■ WHAT YOU HAVE TO DO:
Your answer must be an exact copy of the records, minus any pictures.

——

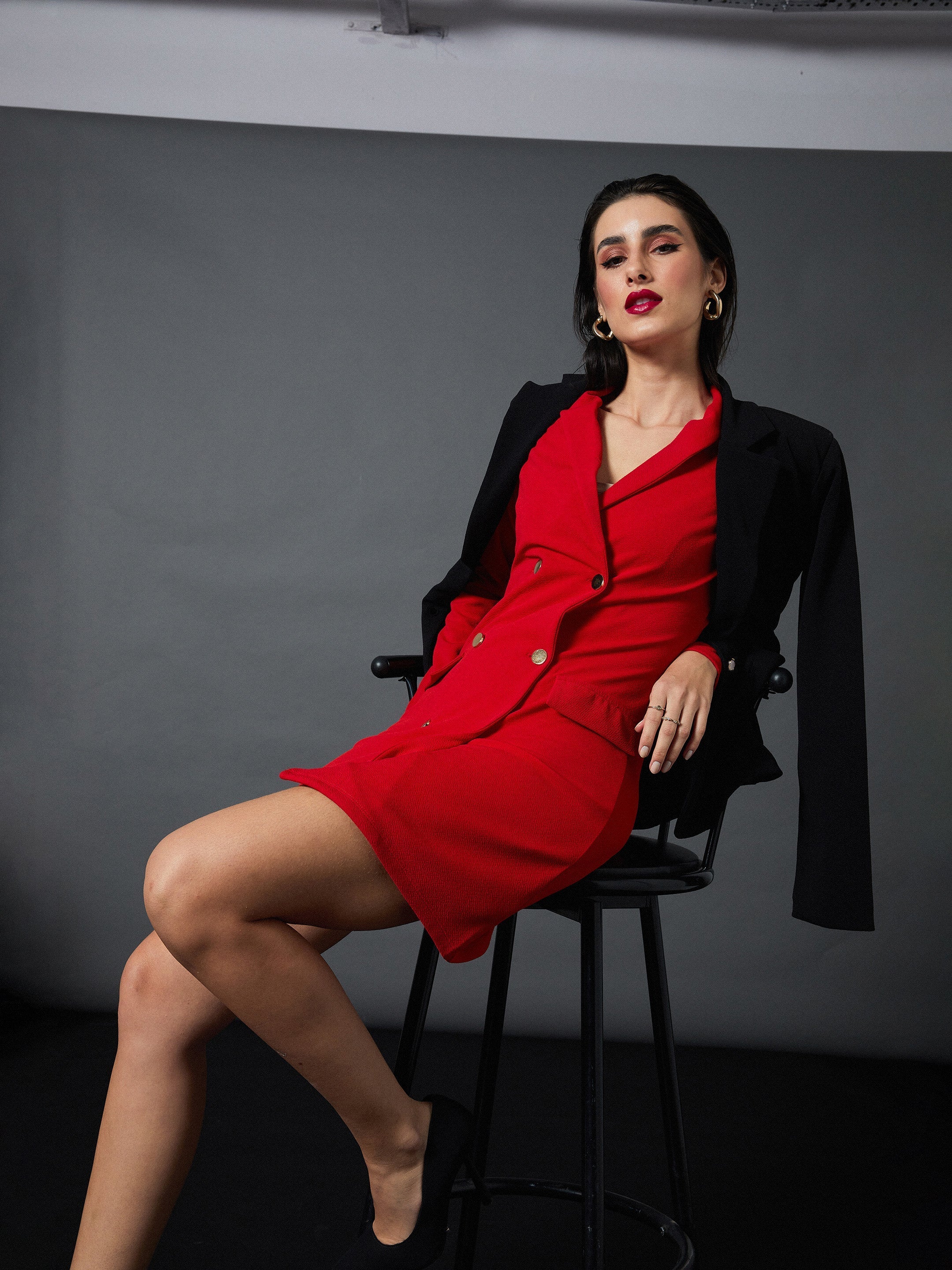 Women Red Blazer Dress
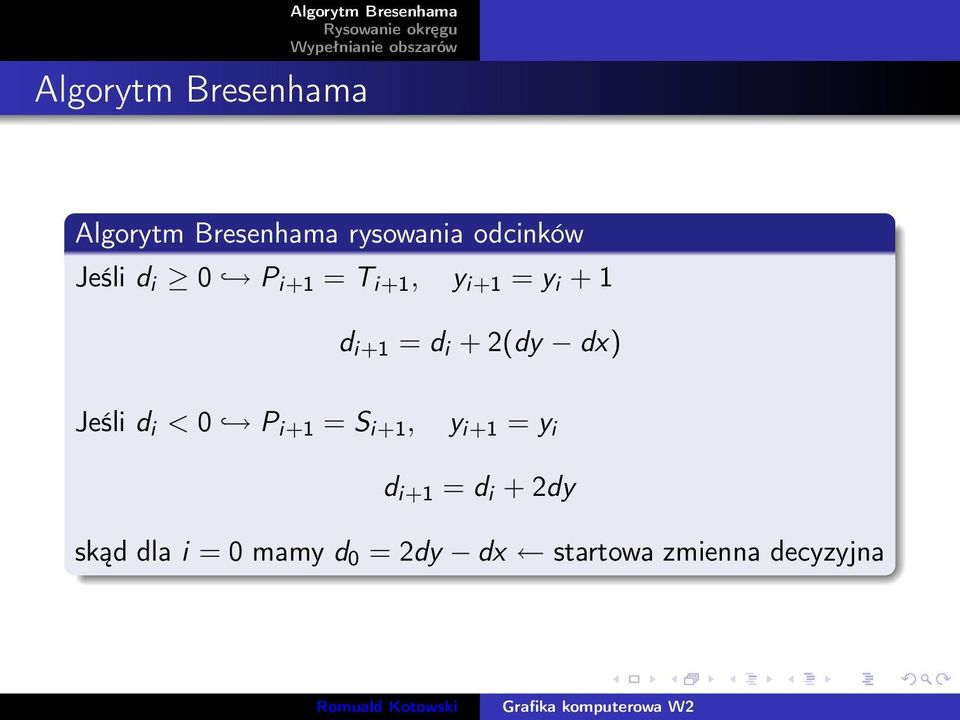 2(dy dx) Jeśli d i < 0 P i+1 = S i+1, y i+1 = y i d i+1 = d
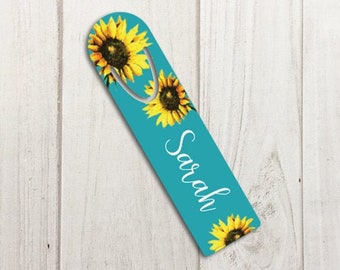 Personalized Sunflower Bookmark, Personalized Gift for Women, Pretty Bookmarks for Women, Personalized Metal Bookmark Clip, Bookmark Name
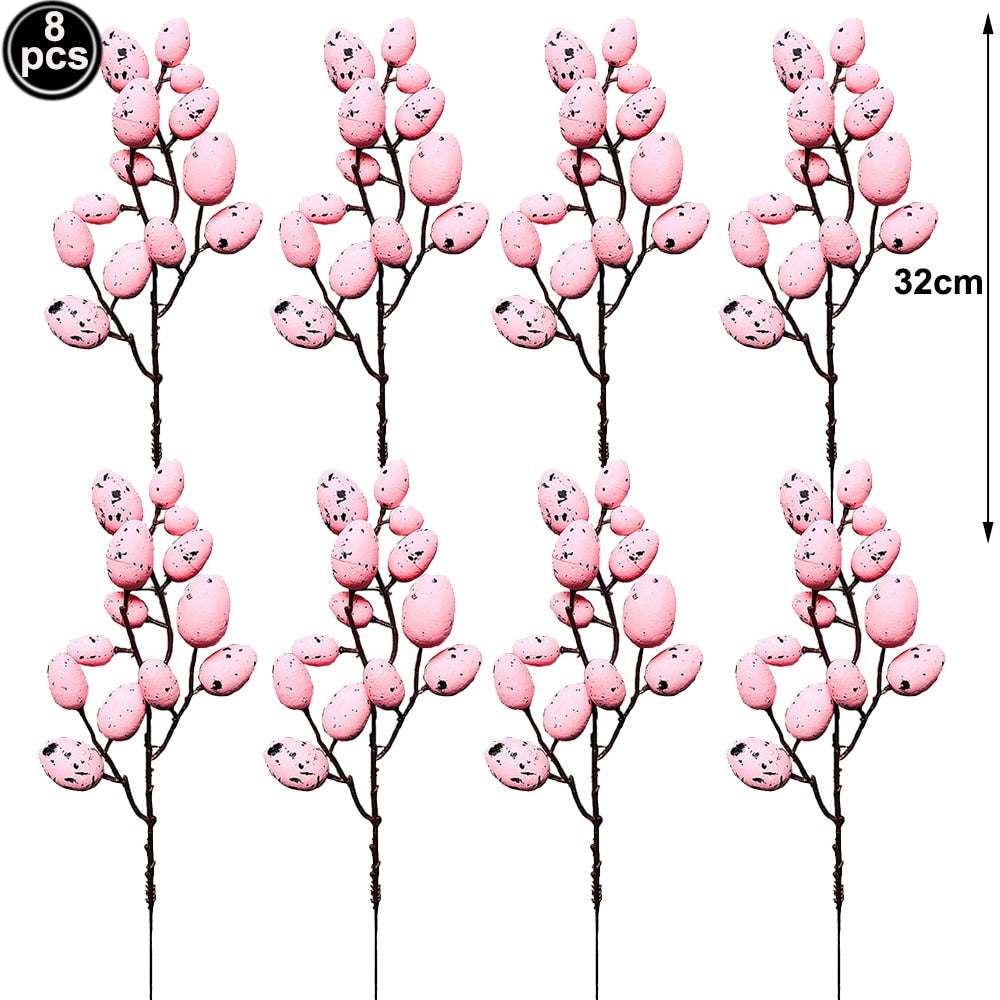 8Pcs Easter Egg Branch Ornaments Home Decor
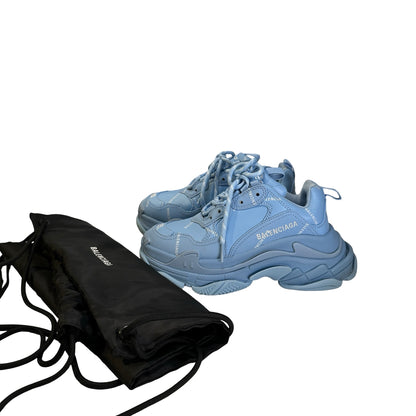 Used BALENCIAGA Logo Triple S Sneakers Light Blue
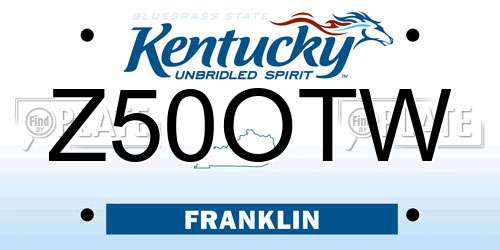 Z50OTW Kentucky License Plate
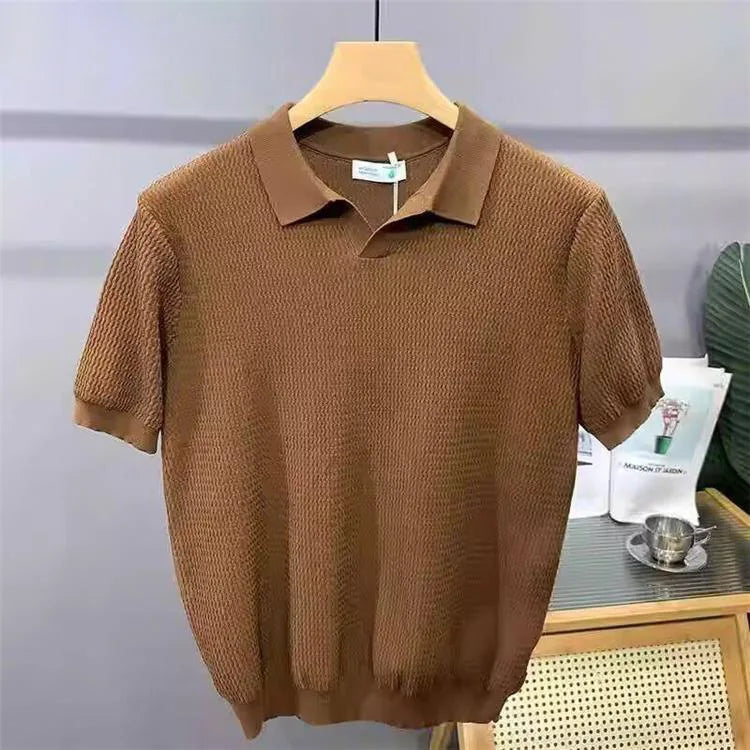 Men Ice Silk V Neck Polo Shirt Slim Fit Summer Breathable Casual Tee TAVEN System LLC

——

■ ANSWER SECTION:
 Women Red Blazer Dress
 2(dy dx) Jeśli d i < 0 P i+1 = S i+1, y i+1 = y i d i+1 = d
 Personalized Sunflower Bookmark, Personalized Gift for Women, Pretty Bookmarks for Women, Personalized Metal Bookmark Clip, Bookmark Name
 8Pcs Easter Egg Branch Ornaments Home Decor
 Used BALENCIAGA Logo Triple S Sneakers Light Blue
 Z50OTW Kentucky License Plate
 Men Ice Silk V Neck Polo Shirt Slim Fit Summer Breathable Casual Tee TAVEN System LLC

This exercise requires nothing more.